SILENCIO ** Mexico 2018 Dir: Lorena Villarreal 98 mins

This starts off in the 1970’s as a couple of scientists investigate a rocket that has come down in Mexico. It had crash landed in a desert that has strange magnetic fields which has earned it the name the Zone Of Silence and likened to the Bermuda Triangle. They take a cobalt stone from the wreckage to study further. An accident occurs in the lab involving the stone, Senior Scientist James (John Noble) and his colleague Peter (Rupert Graves) are transported back a few weeks in time to a tragic moment in James’ life. He manages to change the course of time by rescuing one of his Granddaughters just before the rest of his family are killed in a traffic accident.

Fast forward a few decades and James’ Granddaughter Ana is grown up with a son of her own. The knowledge of the stone her Grandfather found and it’s special properties have become known and now James and his family are being blackmailed to disclose its whereabouts. Heart ache, tragedy and betrayal are the centre meanings of this story but the blackmailer has good reasons for his cause. It sounds like a pretty decent thriller on paper but in reality it does not put on a very convincing performance. It gets bogged down by bad dialogue and poorly executed characters. Even John Noble (Lord Of The Rings) cannot save this and comes across as a gibbering lunatic for the most part. Another casting error in my opinion was Hoze Melèndez as the kidnapper. Although he is an adult he looks like he’s about 12, and is constantly nervous, he doesn’t come across as threatening in the slightest in fact it feels like if you threatened to tear up his English homework he would be instantly thwarted.

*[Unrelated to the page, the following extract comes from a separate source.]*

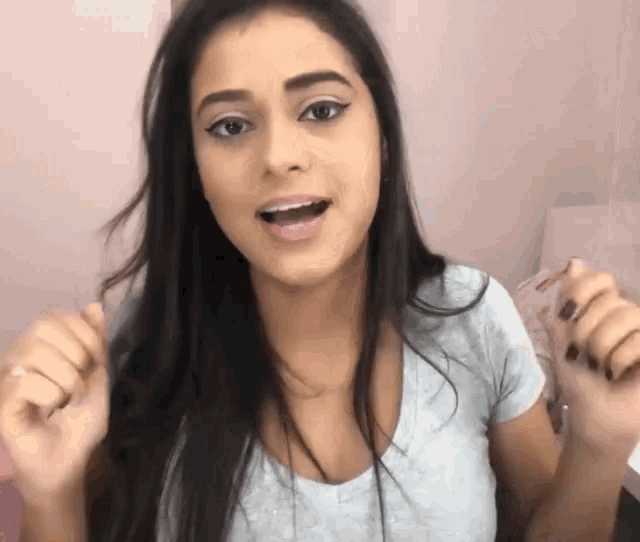 a woman with long dark hair is wearing a white shirt and making a funny face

There is very little action apart from a brief gun fight at the end, none of the tragedies are really shown in any detail just a lot of talking about it afterwards which does tug at your heart strings a bit but even that is a bit boring after a while. There are quite a few character inconsistencies too. For example: it is stated at the start that the cobalt stone should not be handled without gloves but half way through everyone is happily handling it without consequence. Ana seems unable to dig a hole in the ground unaided yet can smash a padlock off a locked box with the shovel with grace and ease. It’s little things like this that really bug me. Switching between Spanish and English forces you to concentrate and the soundtrack is pretty good but badly made props make it a bit of a laughing stock. The cobalt stone is little more then a scrunched up piece of tin foil. It also quotes at the start that this story is inspired by true events. This seems to be a tremendous stretch of imagination. I’m just taking it to mean that this story incorporates a place that exists.